# *TWITTER SENTIMENT ANALYSIS*

**Problem Statement**

The objective of this task is to detect hate speech in tweets. For the sake of simplicity, we say a tweet contains hate speech if it has a racist or sexist sentiment associated with it. So, the task is to classify racist or sexist tweets from other tweets.

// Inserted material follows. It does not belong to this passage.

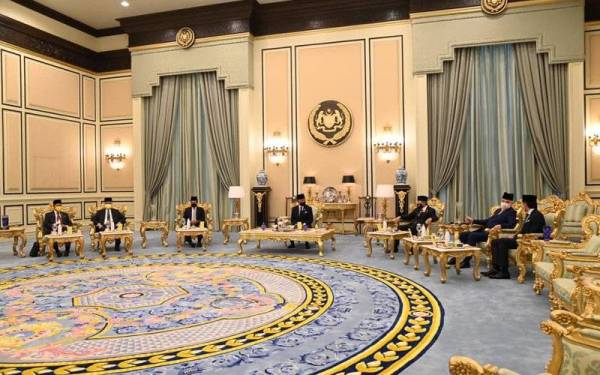 Perbincangan Khas Raja-Raja Melayu di Istana Negara hari ini bagi membincangkan isu semasa termasuk pelantikan Perdana Menteri baharu. -Foto Istana Negara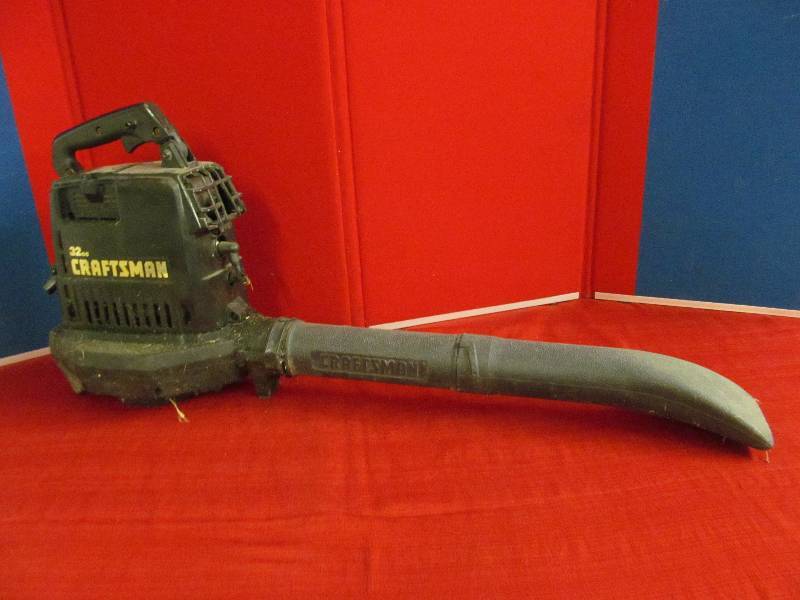 lot 15 image: Leaf Blower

Formally, given a training sample of tweets and labels, where label '1' denotes the tweet is racist/sexist and label '0' denotes the tweet is not racist/sexist, your objective is to predict the labels on the test dataset.

In [1]:
# For handling data
import pandas as pd

# For numerical computing
import numpy as np

# Library for pattern matching
import re

# For NLP related tasks
import spacy

In [2]:
nlp = spacy.load('en_core_web_sm')

<font size=3>**Steps to Follow:**</font>
1. Loading and Exploring Data
2. Text Cleaning
3. Data Preparation
    1. Label Encoding
    2. Split Data
    3. Feature Engineering using TF-IDF
4. Model Building
    1. Naive Bayes
    2. Logistic Regression
    3. Model Building Summary
5. Final Sentiment Analysis Pipeline

### Loading and Exploring Train Data

In [3]:
# read CSV file
df_train = pd.read_csv(r"C:\Users\TheWhiteWolf\NLP\Module1\Projects\Twitter_Sentiment_Analysis\train.csv")

# Shape of the dataframe
print("Shape =>", df_train.shape)

# first first five rows
df_train.head()

Shape => (31962, 3)


Unnamed: 0,id,label,tweet
0,1,0,@user when a father is dysfunctional and is s...
1,2,0,@user @user thanks for #lyft credit i can't us...
2,3,0,bihday your majesty
3,4,0,#model i love u take with u all the time in ...
4,5,0,factsguide: society now #motivation


In [4]:
# Some sample tweets
df_train['tweet'].sample(5)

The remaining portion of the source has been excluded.